For the past several weeks, Michael Hunter, Chairman of the Coyote Valley Band of Pomo Indians, has been leading community tours through JDSF. These tours were an opportunity for community members to witness CAL FIRE’s poor management of the forest and to share their thoughts about what a better-managed forest would look like. During the tours, Indigenous people returned to a forest that they had been violently driven out of over 150 years ago and were able to pray, dance, and give offerings.
Vice Chairman Frankie Myers of the Yurok Tribe made a trip down to offer his thoughts about what the future of the forest should look like. He told a crowd of gathered supporters that in order to restore the forest, we must restore its original caretakers, the Pomo and Coast Yuki peoples, to the land.

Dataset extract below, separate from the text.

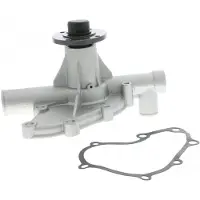 VAICO Wasserpumpe Original Qualität V20-50008
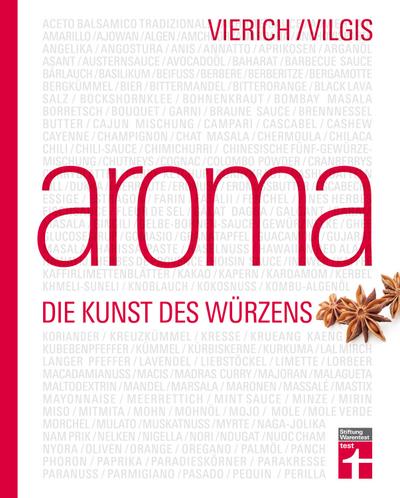 Aroma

On March 2nd, Senator McGuire announced that the JDSF management plan would be rewritten. Rewriting the old management plan, which permits logging of large redwoods, damage to Native American sacred sites, and other bad management practices, has been one of the coalition’s main demands. The new management plan must include full co-management with tribes, protection for large trees, and more engagement with the local community, and must account for the climate and biodiversity emergency that is upon us. In the meantime, a moratorium on timber operations must be secured so that CAL FIRE cannot damage the forest any further while a new management plan is developed.
Destructive logging occurring in JDSF is completely controlled by the State. If Newsom wanted, he could place a moratorium on logging operations to protect the forest. Chairman Hunter presented thousands of signatures he has collected calling for a moratorium at a rally in Ukiah earlier this month. The rally was attended by Native American dancers, environmental groups, and members of the public who support change in JDSF. Another rally at the Capitol in Sacramento on March 25th was attended by hundreds of people.
Together, we are all committed to changing the way CAL FIRE manages JDSF to focus on wildlife conservation, carbon sequestration, protecting cultural sites, and recreation, not industrial logging.